Apparently the Court of Appeals did not find Apple's claims of irreparable harm any more plausible this time around than when that court denied Apple's last appeal in February 2014. That appeal attempted to delay the antitrust case at an earlier stage, blocking the court-appointed monitor.
Or perhaps the court doesn't expect Apple to have a very good chance of winning the appeal that would overturn Judge Denise Cote's ruling that Apple conspired with five publishers to raise ebook prices and reduce competition in the US ebook market.

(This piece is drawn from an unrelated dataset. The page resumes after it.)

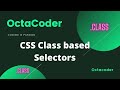 Mastering CSS Class Selector | HTML & CSS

That lawsuit was filed in 2012 following a 2 year long investigation by the US Dept of Justice and the attorneys general for 33 states. That investigation led to charges that Apple conspired with 5 major US publishers to raise ebook prices in the US ebook market and prevent ebook retailers from competing on price. The 5 publishers (HarperCollins, S&S, Penguin, Hachette, and Macmillan) all chose to settle before the case went to trial, but Apple decided to defend itself in court. Apple lost the case on 10 July 2013, and they have been vigorously fighting a rear guard action ever since.
Given that Apple settled a similar case in Europe before it could go to trial, I am more than a little puzzled that Apple fought the US case so strongly. And given that Apple is facing damage claims in the range of hundreds of millions of dollars, it makes even less sense for a company to fight over what is effectively less than half of a percent of its cash reserves.